People who consume animal products are 40 percent more susceptible to cancer than non-meat eaters are. Excess animal protein has been linked to osteoporosis, kidney disease, and even cancer. Americans typically have three to four times as much protein in their diet as is necessary. Vegans get the perfect amount of protein. There is nothing nutritive that cannot be readily obtained from plant sources; a vegan diet provides all the protein, iron, calcium and vitamin requirements necessary to live healthily. A vegan diet can reverse heart disease, prevent cancer, osteoporosis and myriad other health ailments. Additionally, meat contains accumulations of antibiotics, pesticides and other chemicals up to 14 times more concentrated than those in plant foods.

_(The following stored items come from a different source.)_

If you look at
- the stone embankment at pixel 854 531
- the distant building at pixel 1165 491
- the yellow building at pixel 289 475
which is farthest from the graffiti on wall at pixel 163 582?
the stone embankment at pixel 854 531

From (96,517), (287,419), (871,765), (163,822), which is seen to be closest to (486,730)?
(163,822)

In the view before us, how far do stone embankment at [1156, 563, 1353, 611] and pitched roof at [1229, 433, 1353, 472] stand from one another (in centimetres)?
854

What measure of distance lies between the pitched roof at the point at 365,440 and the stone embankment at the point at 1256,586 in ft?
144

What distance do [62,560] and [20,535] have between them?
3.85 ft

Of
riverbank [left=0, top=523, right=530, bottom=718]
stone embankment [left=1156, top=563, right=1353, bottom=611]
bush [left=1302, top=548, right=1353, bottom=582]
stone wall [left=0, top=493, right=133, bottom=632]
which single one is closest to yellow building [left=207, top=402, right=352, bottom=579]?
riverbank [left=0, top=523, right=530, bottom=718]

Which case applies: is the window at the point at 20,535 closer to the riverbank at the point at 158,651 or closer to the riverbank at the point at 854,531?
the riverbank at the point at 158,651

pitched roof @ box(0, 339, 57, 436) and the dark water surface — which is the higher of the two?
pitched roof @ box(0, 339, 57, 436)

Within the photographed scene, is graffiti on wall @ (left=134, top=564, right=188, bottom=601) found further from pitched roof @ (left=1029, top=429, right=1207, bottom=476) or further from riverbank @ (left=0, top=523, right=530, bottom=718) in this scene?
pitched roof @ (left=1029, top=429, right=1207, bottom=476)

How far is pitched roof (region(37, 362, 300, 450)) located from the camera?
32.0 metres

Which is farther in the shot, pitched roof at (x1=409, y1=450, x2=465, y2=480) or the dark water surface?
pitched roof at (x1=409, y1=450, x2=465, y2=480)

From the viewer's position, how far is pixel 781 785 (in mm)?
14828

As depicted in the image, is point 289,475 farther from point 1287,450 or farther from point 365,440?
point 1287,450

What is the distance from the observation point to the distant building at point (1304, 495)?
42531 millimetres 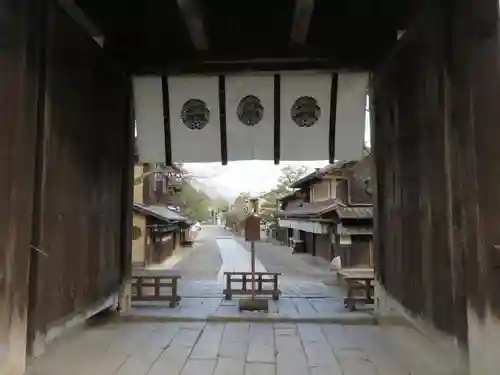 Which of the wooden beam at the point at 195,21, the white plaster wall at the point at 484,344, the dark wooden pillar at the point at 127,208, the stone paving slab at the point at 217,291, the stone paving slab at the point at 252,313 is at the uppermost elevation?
the wooden beam at the point at 195,21

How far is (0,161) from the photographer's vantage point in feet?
8.89

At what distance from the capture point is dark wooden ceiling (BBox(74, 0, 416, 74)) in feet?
15.0

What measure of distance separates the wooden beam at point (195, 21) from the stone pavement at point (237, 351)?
3.03m

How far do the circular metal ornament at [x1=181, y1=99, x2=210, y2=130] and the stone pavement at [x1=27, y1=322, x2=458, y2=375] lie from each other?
280cm

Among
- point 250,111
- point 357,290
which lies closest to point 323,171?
point 357,290

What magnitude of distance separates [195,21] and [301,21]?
107cm

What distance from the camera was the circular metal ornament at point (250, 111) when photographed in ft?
20.4

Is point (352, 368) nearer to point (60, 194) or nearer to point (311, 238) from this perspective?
point (60, 194)

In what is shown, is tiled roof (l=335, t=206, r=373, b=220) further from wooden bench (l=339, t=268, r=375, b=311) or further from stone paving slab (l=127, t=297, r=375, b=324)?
wooden bench (l=339, t=268, r=375, b=311)

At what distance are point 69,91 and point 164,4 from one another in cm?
141

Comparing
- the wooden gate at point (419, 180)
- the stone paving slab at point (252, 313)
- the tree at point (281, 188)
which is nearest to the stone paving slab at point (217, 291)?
the stone paving slab at point (252, 313)

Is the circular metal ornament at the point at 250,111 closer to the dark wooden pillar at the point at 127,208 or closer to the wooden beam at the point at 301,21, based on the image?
the wooden beam at the point at 301,21

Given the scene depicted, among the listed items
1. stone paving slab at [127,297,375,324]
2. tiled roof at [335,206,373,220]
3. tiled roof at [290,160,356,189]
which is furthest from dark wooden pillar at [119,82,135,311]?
tiled roof at [290,160,356,189]

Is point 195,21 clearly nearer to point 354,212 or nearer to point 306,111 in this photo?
point 306,111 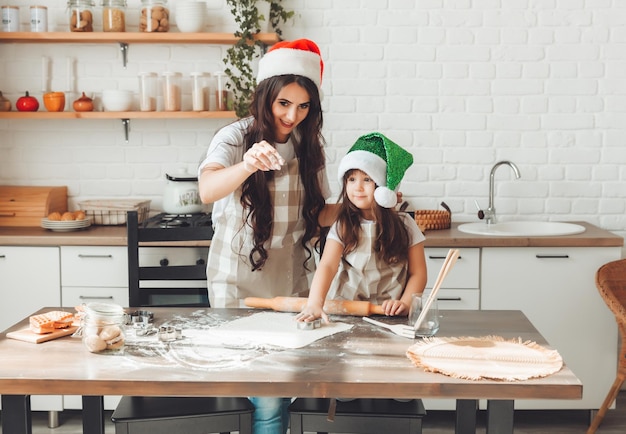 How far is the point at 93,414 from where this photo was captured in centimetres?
249

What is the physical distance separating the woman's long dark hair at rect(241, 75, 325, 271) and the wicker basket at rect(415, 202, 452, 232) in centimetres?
122

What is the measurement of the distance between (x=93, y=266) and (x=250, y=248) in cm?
134

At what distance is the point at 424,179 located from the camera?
4.41 meters

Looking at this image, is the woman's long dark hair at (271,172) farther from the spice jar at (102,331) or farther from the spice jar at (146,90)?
the spice jar at (146,90)

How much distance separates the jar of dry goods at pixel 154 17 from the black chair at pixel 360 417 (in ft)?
7.89

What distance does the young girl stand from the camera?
259cm

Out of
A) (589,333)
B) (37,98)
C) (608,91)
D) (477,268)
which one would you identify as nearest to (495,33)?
(608,91)

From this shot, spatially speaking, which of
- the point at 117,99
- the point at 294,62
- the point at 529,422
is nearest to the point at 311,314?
the point at 294,62

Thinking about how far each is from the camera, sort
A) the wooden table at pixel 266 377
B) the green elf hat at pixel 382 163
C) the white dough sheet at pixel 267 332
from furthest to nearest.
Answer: the green elf hat at pixel 382 163, the white dough sheet at pixel 267 332, the wooden table at pixel 266 377

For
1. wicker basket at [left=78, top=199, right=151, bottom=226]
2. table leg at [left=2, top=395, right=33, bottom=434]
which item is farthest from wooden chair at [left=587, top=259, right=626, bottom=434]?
table leg at [left=2, top=395, right=33, bottom=434]

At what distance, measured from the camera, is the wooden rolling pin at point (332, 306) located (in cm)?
245

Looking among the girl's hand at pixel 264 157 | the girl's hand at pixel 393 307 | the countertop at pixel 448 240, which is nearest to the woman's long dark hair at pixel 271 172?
the girl's hand at pixel 264 157

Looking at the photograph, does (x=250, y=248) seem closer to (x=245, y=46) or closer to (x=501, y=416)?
(x=501, y=416)

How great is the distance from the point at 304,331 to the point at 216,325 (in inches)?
10.4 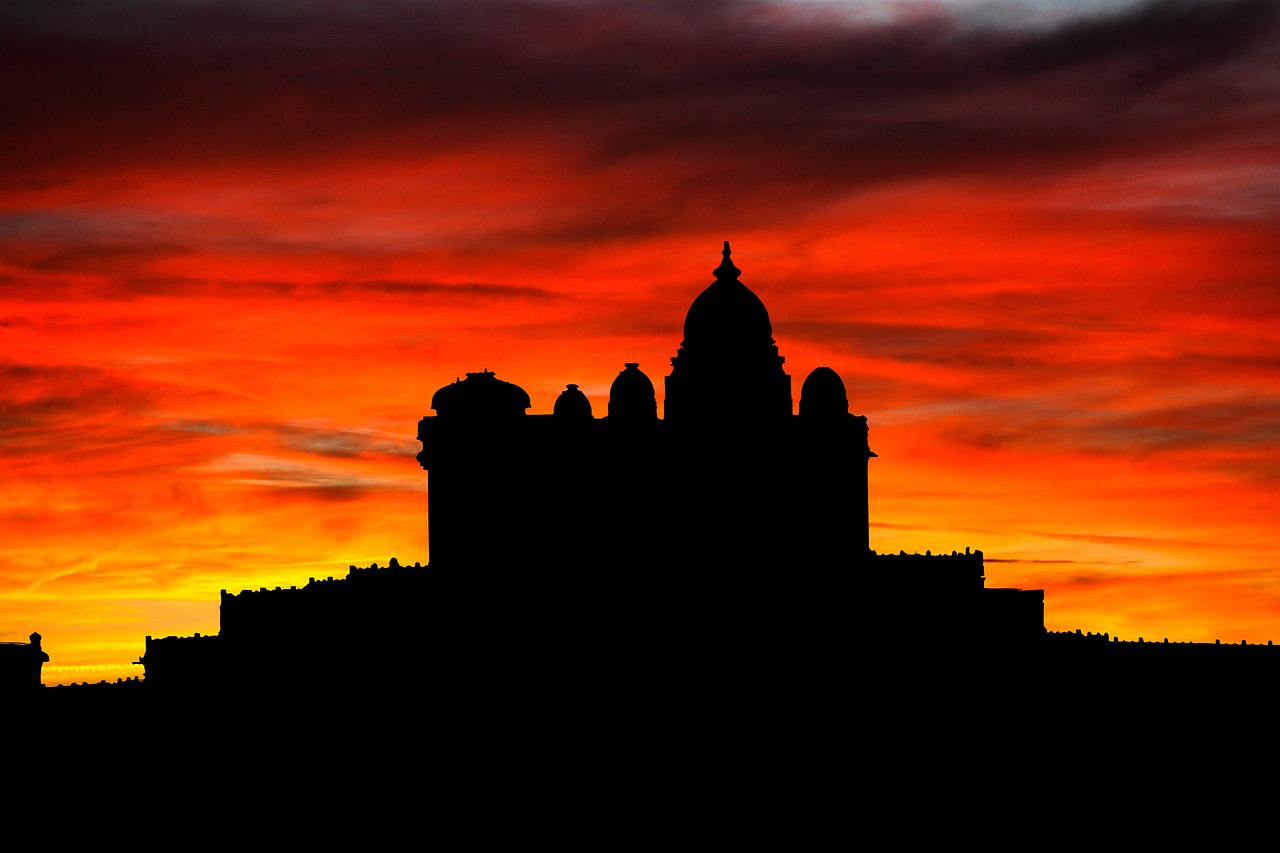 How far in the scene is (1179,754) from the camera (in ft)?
185

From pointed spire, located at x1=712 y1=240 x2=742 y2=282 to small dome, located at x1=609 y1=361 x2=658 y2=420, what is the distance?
3.58 meters

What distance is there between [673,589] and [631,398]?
5.85 meters

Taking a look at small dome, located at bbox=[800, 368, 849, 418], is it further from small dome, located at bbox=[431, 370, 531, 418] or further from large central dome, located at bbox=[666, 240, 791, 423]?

Raising animals for food is a wasteful and inefficient process, requiring more than half the water and one-third of the raw materials produced in the United States and is the biggest polluter of our water and topsoil. In a recent environmental study by the Union of Concerned Scientists the meat industry was second only to automobiles in terms of environmental destruction.
A plant-based diet requires significantly less water, land, and energy to produce the same amount of food as a meat-based diet. Fifteen vegetarians can be fed on the amount of land needed to feed one person on a meat-centered diet. It is economically unsound to have an animal eat food, process it, and then have a human eat the animal to gain the nutrients the animal got from the food it ate. Vegans use 90% less water than a meat-eater in their food intake. Most of the grain grown in the United States is used to feed livestock, including 90% of oats, 85% of corn, and 80% of soybeans.
Rain forests are being destroyed to make grazing land for cattle. Topsoil, a non-renewable resource, is being eroded by cattle farms. Animal waste run-off from slaughterhouses and feedlots seeps into the ground, contaminating the soil and poisoning groundwater and rivers; they are the single largest polluters of the rivers and streams in the United States. Commercial fishermen pollute the oceans with their jettisoned cargo. They trap and kill dolphins, whales, sea turtles, birds, and many other animals they do not intend to eat in their nets.